# Stengthening your bow draw



## Gurkha (Oct 17, 2013)

After having returned to bow hunting after a 20 year lapse (and too many hours sitting on my gluteus maximus in front of a computer!) I have returned from the dark side! In preparation for shooting my new bow, I wanted to build up the right muscle groups and found this very good article: 

http://huntdoctors.com/cgi-bin/site.cgi?request=articles_025

I have been able to crank up my draw weight from 60 to 70# after doing these exercises for only one month!


----------



## mike 66 (Jan 21, 2010)

archery is a game of skill not strength:juggle: you can kill anything in N -America with a 60 lb bow..... ive only found one exercise that comes close to shooting a bow, and thats a row boat.... but most will tell you the only thing is to shoot the bow while you engage all the right muscles......but some exercise is better than none .but you have got to watch it in the cold weather. thats when most find out........ maybe other coaches will chime in on this


----------



## montigre (Oct 13, 2008)

True, the lat row works the majority of the "archery" back muscles to some degree, but it does not take the place of engaging the correct muscles under load by actually shooting the bow.
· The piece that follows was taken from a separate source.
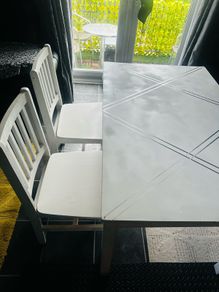 Dinning table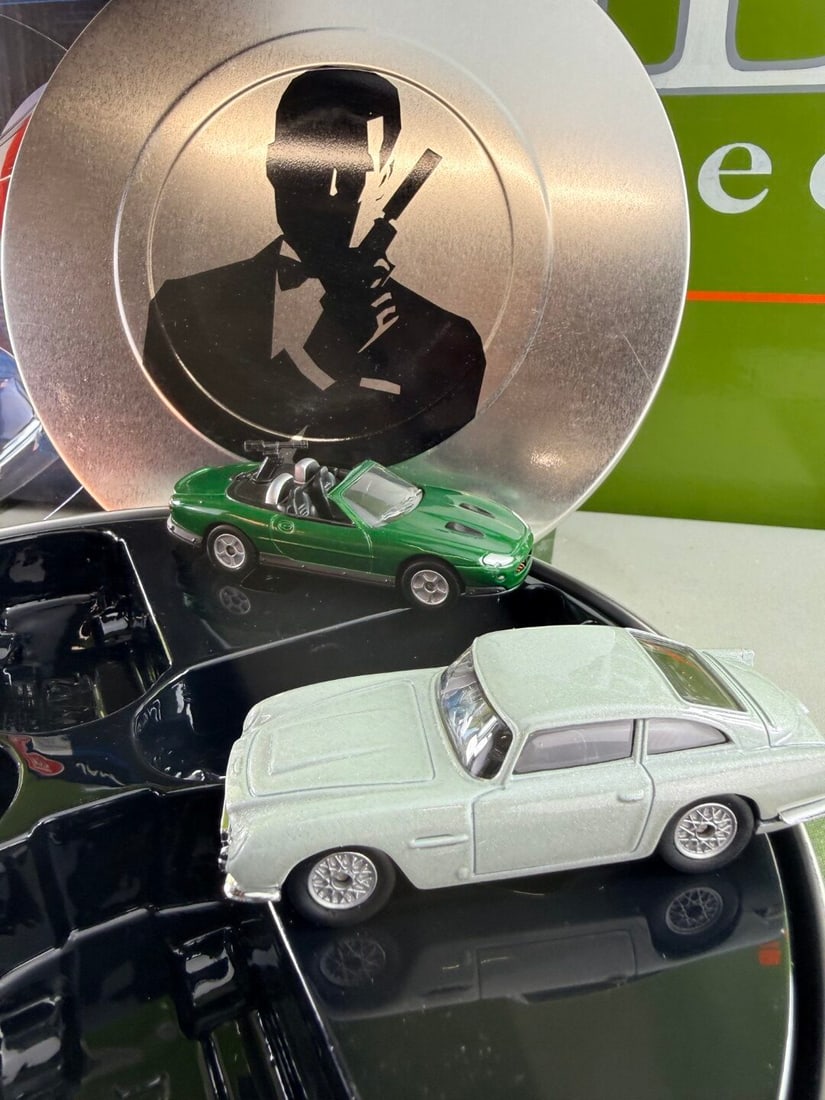 James Bond 007 Film Canister 4 Car Die Cast Set - 5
There is also no viable means of strengthening those small muscles and tendons that support the shoulder without actually shooting. 

Sooo, focus on shootig with good form, good technique, and not shooting too much weight and the strength will come.


----------



## aread (Dec 25, 2009)

Mike & Gail are right about technique being more important than strength. But there is absolutely nothing wrong about building up your shoulders and other muscles, especially the rotator cuff.
Allen


----------